November 30, 2021 by Faisal Alghurayri
Iceberg
Almost all programming languages are Turing complete. That means that, as long as your language of choice enables you to have variables, branching, and repetition, you can almost solve any logical problem.
In theory, learning a single language is enough. There are engineers like Levelsio who (claimes?) how a single file index.php
is OK to run a lean, profitable, and scalable business. On the other hand, savvy polyglots swear by choosing the right tool for the job and will never settle for a single language.
I see myself in between these views. I will never always go for a single language because I am an expert on it. And I will never be a binary thinker who will see things either right or wrong. Choosing a programming language for a project is a complex problem where you need to consider the business itself, the market (competitors and pool of talents), the team’s experience, etc.
In this post, I aim to brain dump all my learnings about Elixir and why I think it is a cool and practical language to build stateful backend applications. I will not focus on how to declare a variable or how to write an if-statement. Instead, I will walk you through the spectacular features of the language by explaining a few concepts and sharing some snippets from my latest project Omw - real-time motorcycling trip tracker.
Even after two years of learning Elixir, I am still feeling excited about the novelty around it. I tried to be objective and only share facts.

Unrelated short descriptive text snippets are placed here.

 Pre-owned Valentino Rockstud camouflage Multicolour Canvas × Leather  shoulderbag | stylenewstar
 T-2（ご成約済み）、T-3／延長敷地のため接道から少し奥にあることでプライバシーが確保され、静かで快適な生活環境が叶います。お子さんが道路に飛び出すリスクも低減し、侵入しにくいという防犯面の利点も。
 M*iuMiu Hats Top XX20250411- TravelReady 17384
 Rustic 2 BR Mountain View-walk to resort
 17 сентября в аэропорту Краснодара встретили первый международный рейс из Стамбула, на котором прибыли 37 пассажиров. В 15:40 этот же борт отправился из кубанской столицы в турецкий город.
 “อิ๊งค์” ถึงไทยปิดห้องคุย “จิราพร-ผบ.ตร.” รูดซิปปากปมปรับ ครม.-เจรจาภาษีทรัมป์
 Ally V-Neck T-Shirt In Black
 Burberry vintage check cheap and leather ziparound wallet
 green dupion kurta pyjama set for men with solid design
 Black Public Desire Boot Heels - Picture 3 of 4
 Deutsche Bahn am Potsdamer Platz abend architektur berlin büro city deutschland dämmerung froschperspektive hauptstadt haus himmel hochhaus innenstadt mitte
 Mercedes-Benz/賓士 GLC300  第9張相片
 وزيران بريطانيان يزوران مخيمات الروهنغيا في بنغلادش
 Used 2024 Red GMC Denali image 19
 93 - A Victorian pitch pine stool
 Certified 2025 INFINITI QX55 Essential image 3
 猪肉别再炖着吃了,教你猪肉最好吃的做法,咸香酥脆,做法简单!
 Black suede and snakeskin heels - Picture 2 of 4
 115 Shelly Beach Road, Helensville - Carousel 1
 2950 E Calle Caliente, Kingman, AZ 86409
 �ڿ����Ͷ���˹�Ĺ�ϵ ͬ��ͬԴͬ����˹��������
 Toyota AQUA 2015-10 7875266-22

However, take everything that seems too lovely with a grain of salt and feel free to research it yourself.
To fully understand how Elixir was born, you should know a bit about the story of Erlang.
In the 1980s, Ericsson (the telecommunication company) assigned a team of three computer scientists to run an R&D lab (research and development) to help the company deal with the challenges of the domain.
Telephone Switch
The problem was how hard it was to build and maintain the telephone switching systems. The general system’s goal was to connect and maintain the connection between 2 or more phones to conduct a call.
The requirement was simply to have a concurrent and fault-tolerant system.
The system should behave the same whether there is a single ongoing call or millions of calls. Moreover, a failure in a call shouldn’t impact other calls. Finally, the system should never be down, even for software upgrades. You can’t tell people, “Hey folks, don’t do calls the next hour. We need to upgrade our switches.”
And that’s how Erlang was born - out of a critical business continuity necessity. And it worked successfully. It helped achieve nine nines of service reliability. That’s less than a second of downtime in 20 years. More on that here.
More on the story about Erlang is in this short documentary by the three scientists.
Did you know that in Erlang, instead of using a semi-colon ”;” to end a statement, you use a full stop ”.“?
In 2015, Whatsapp was able to support 900 million customers with a lean team of 50 engineers. More on that here.
There are many cool things to explore about Erlang. For example, when you follow certain practices like declarative, functional programming, immutability, and the actor model, then supporting concurrency and fault-tolerance will be a piece of cake.
However, the solid ground that enables all of the above is the VM that runs the byte code.
BEAM VM
Thanks to the BEAM, your application will use all the cores available in the CPU out of the box. The above blue circles are lightweight processes spawned by the application. Each process has an internal state that is not shared with any other process. Each process has a mailbox to receive messages from other processes. I will cover this more in a later section.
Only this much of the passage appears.